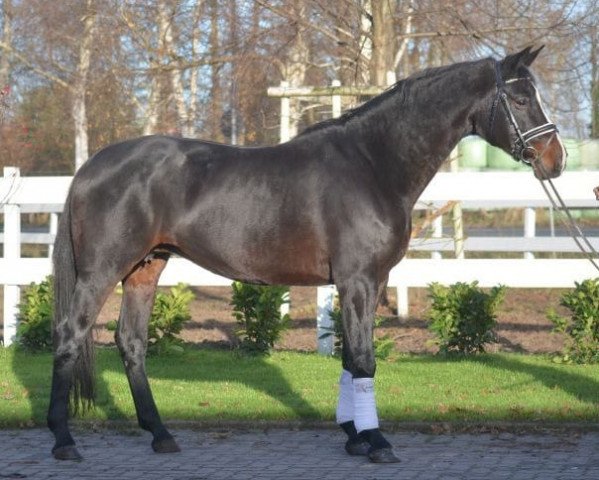 broodmare Shira Lee (Hanoverian, 2006, from Stedinger)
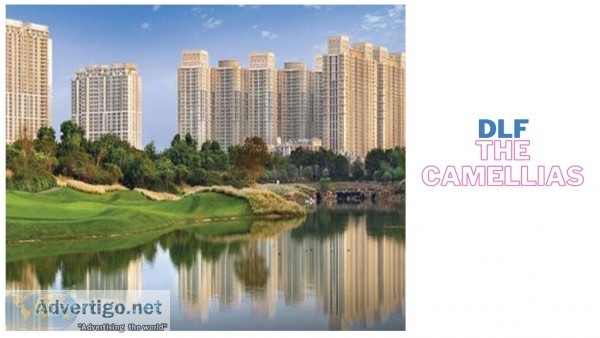 Get dlf camellias floor plan, interior, flat price, brochur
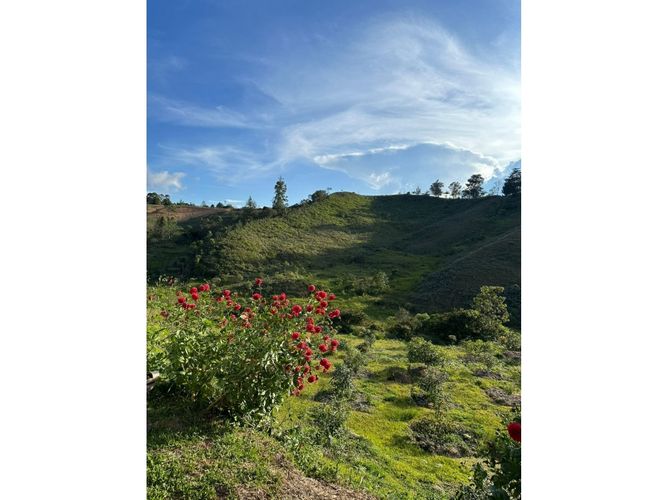 Lote en venta en Rio Abajo, Rionegro, 98700 m² · foto 5 de 9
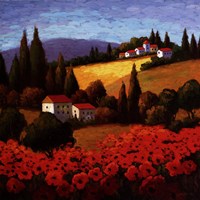 Tuscan Poppies Fine Art Print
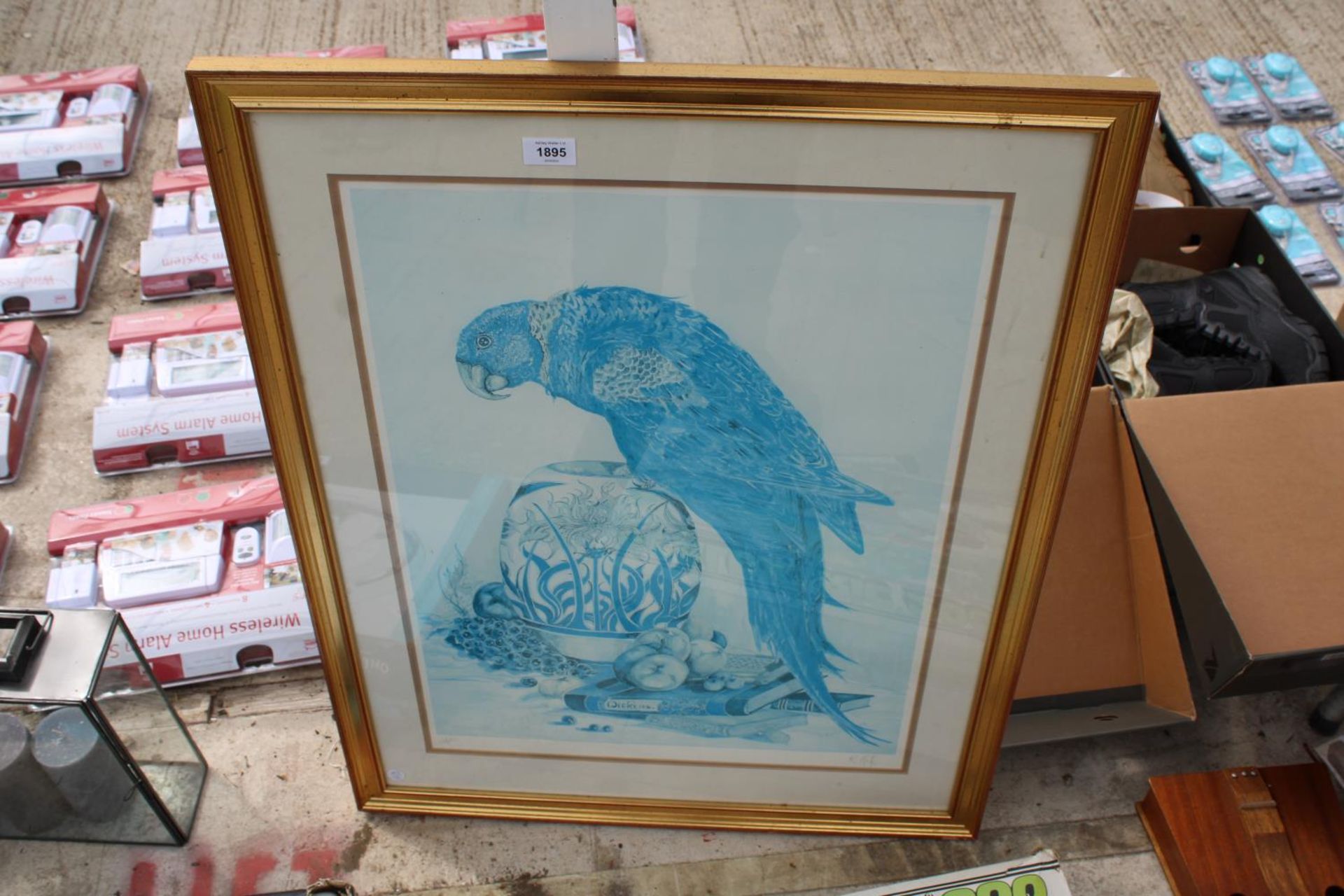 A LIMITED EDITION 5/100 PRINT OF A PARROT SIGNED K.ROLFE TO LOWER RIGHT CORNER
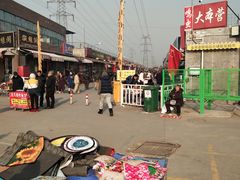 -中环花鸟鱼虫市场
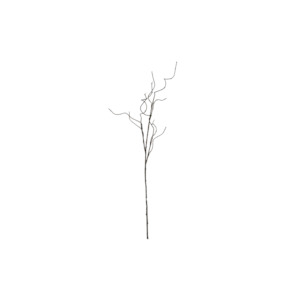 Furniture: Curly Willow Branch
--- --- ---
AIM OF THE TASK
Transcribe exactly, and only, the lines from the one with "Get dlf camellias" through the final line of the data above. The pictures stay out.

ANSWER FOR THIS EXERCISE
 Get dlf camellias floor plan, interior, flat price, brochur
 Lote en venta en Rio Abajo, Rionegro, 98700 m² · foto 5 de 9
 Tuscan Poppies Fine Art Print
 A LIMITED EDITION 5/100 PRINT OF A PARROT SIGNED K.ROLFE TO LOWER RIGHT CORNER
 -中环花鸟鱼虫市场
 Furniture: Curly Willow Branch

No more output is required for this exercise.